And materialism isn't just wanting possessions - it is attachment to the things of this world. It is a groos overreliance on counting and measuring - on oversciencing things. I feel ashamed to talk about spiritual things because our society is afraid of what it can't see - spirituality is fine and good in religious settings, but it doesn't have a place in the academic, scientific world. Citing holy texts as references in a paper will get you an F for not using proper sources.

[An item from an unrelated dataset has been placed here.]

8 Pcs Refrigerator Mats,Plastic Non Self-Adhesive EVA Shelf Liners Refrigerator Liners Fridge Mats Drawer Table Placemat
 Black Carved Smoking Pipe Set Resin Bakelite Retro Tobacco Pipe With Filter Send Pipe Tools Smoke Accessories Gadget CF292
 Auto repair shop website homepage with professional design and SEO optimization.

So here I am, listening to the melodious spiritual emotions of the voices of this gospel choir, and thinking my heritage is materialistic and teaches me to want and to not trust instincts but to look for what I can prove with hard facts, and I am looking for balance and suddenly
WHAM
It hits me. I don't have any spiritual cohesion in this society. There is no real outlet - no real place I can go to feel safe enough to discuss spiritual things. At every twist, there is someone wanting to argue the spiritual nature of things with me - to prove to me that what I believe is wrong. And I am on the defensive always, afraid to talk about what I believe because then I'll have to prove it. How can you explain in words what is in your heart? How can you convince someone that what moves you is justified?
I think that I'm tired of having to prove things to people: to prove my stand in a debate, to prove myself, to prove that what I believe is okay. And so I look to places where the soul is valued - the unknowable is part of the everyday. And I find these things in a gospel song, in the ritual of a Dinee in Arizona, in the Dreamtime stories of the original Australians.
I am looking for my soul.
Nathan once said to me that the reason that so many people like one of my favourite musical artists was because that group offered soul. And so many people are looking for it - so many people are wounded by materialism in all its varied forms - and so many are looking for healing.
So the souls of white folks - hidden like diamonds in the coal of materialism - they're not gone, just hiding. But its going to take a lot of help from the souls of black folks, and of all the other folks in the world, to help us reclaim them.
5 comments:
If I wasn't in a public library I'd be crying openly right now. I've really been thinking a lot about my cultural identity lately as well (we always seem to be on the same page woman). Basically everyone around me (on the reservation) has a firm grasp (compared to the majority of U.S. Americans) on their cultural identity and their past. What do I have? What POSITIVE traits are a part of my culture? We all know a lot about the negative aspects of Euro-American culture, but what about the good? I'm confronted with the fact that I'm seen as and put in the category of WHITE everyday now. I'm now always aware of the fact that I'm white. So now I have to face this whiteness of mine. What does it consist of that's positive?? I try not to feel bad about being "white" (I'd just like to a human for a while, thanks) but I can't help it. I'm ashamed. I guess this is the first step in a process of acceptance, but right now there ain't no accepting goin on. I'll work with this, I'm excited now to see where it goes. Thanks LIZ!
We're white. And isn't everybody else soooooo much more interesting? And aren't Americans bad, especially white ones? And couldn't I go on for all the reasons that we should feel guilty?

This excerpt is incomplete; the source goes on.